Tal autorização não era necessária, uma vez que as obras em causa não constituem "inovação", nos termos e para os efeitos do artº. 1425º, nº. 2, do Cód. Civil, mas somente "reparação".
Concluiu pela sua absolvição do pedido.
3. Por sentença de 24-4-02, o Mmo. Juiz da Comarca de Oeiras julgou procedente a acção e, em consequência, condenou a Ré a repor, a expensas suas, o tubo de queda de esgoto, na posição em que se encontrava (isto é inteiramente na vertical, sem qualquer desvio) antes da realização das obras que levou a efeito na sua fracção sita no rés-do- chão, esquerdo, do prédio sito na Rua Policarpo Anjos, nº. ..., na Cruz Quebrada.

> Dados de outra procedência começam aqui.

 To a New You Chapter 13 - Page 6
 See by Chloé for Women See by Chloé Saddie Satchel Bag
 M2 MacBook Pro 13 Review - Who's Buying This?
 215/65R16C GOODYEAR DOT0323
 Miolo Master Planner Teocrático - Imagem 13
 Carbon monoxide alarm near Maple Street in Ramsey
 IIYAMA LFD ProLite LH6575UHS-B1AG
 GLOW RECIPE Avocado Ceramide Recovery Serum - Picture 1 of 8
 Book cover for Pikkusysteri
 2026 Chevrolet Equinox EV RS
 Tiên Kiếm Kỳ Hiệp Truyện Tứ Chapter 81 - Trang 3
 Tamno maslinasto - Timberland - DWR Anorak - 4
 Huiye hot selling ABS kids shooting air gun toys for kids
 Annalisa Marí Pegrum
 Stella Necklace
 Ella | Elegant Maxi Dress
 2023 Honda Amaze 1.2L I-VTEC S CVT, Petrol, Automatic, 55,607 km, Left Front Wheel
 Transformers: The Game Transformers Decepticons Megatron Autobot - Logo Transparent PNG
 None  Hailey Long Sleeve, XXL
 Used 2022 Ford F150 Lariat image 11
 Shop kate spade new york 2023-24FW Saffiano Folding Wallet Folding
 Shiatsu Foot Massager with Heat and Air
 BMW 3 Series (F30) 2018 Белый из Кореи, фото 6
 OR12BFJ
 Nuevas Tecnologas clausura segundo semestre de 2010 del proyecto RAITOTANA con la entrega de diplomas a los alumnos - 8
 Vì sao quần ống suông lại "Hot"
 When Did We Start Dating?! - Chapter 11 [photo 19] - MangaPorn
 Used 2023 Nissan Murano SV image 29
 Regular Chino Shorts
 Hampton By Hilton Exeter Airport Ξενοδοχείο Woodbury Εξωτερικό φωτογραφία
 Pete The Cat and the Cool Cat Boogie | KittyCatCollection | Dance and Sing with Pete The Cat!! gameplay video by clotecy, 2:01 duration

4. Inconformado com tal sentença, dela veio a Réu apelar mas o Tribunal da Relação de Lisboa, por acórdão de por acórdão de 26-6-02, negou provimento ao recurso.
5. De novo irresignada, desta feita com tal aresto, dele veio a mesma Ré recorrer de revista para este Supremo Tribunal, em cuja alegação formulou as seguintes conclusões:
...
3ª- As obras em causa não afectam a segurança, o arranjo estético ou a linha arquitectónica do prédio, não fazem com que a fracção se destine a usos ofensivos dos bons costumes, não são susceptíveis de causar prejuízo a quem quer que seja, razão porque a sua realização não dependia do consentimento do condomínio - artºs. 1422º, nº. 2, e 1425º, nº. 2, do C. Civil;
4ª- E nem se objecte que o desvio do tubo de descarga dos esgotos causa prejuízo aos condóminos dos 1º, 2º e 3º andares esquerdos do prédio, pois não se provou que tal desvio provoque entupimentos ou inundações e a verificação dos técnicos dos serviços camarários confirmou a inexistência desses prejuízos - resposta negativa dada à matéria constante da base instrutória e doc. 1 oferecido pela A. com o rol de testemunhas;
5ª- O que está em causa é o saber se as obras feitas no tubo de queda das águas residuais causam prejuízo aos condóminos - artº. 1425º, nº. 2, do C. Civil, e a importância da autorização da câmara não reside no facto de a obra não estar a ser feita sem o cumprimento das formalidades administrativas, mas antes do facto de a Câmara, para poder autorizar, ter mandado proceder à verificação se o desvio do tubo era prejudicial ao escoamento das águas, resultando do doc. 1, junto pela R. com o rol de testemunhas que o fiscal camarário acompanhado do técnico dos Serviços Municipalizados de Águas, efectuou uma inspecção à obra, concluindo que aquele desvio não prejudicava o prédio;
6ª- Por outro lado, o desvio do tubo em causa não constitui "inovação" nos termos e para os efeitos do artº. 1425º do C. Civil, pois não conduziu ao desaparecimento de coisas comuns existentes, com prejuízo para os condóminos - Ac. da RP de 14-1-86;
7ª- E aquela norma não foi feita para tutelar caprichos dos condóminos que dela se querem socorrer para impedir uma modificação de um tubo de queda das águas residuais invocando ciclópicos prejuízos (inundações, subida das águas, etc.) que afinal, em termos de prova, se reconduziram a uma mera possibilidade de maior entupimento do tubo de queda, quando os próprios técnicos dos serviços de águas confirmaram que não havia qualquer prejuízo decorrente daquele desvio e o decurso do tempo tem demonstrado que não existem os ditos prejuízos tendenciais;
8ª- A norma do artº. 1425º do C. Civil está pois a ser usada no caso dos presentes autos para satisfação de um mero capricho dos condóminos do prédio, não se atendendo sequer a que a R. com os poucos rendimentos que a concessão do apoio judiciário revela poderá nem sequer ter meios económicos que lhe permitam dar execução à decisão se ela se mantiver no sentido definido pelo acórdão recorrido;
9ª- Mostra-se pois violado o artº. 334º do C. Civil ao aplicar-se a norma do artº. 1425º do mesmo Código para tutela de interesses que não são, visivelmente, aqueles que a norma visa tutelar;
10ª- O douto acórdão recorrido violou por isso os artºs. 1425º e 334º do C. Civil.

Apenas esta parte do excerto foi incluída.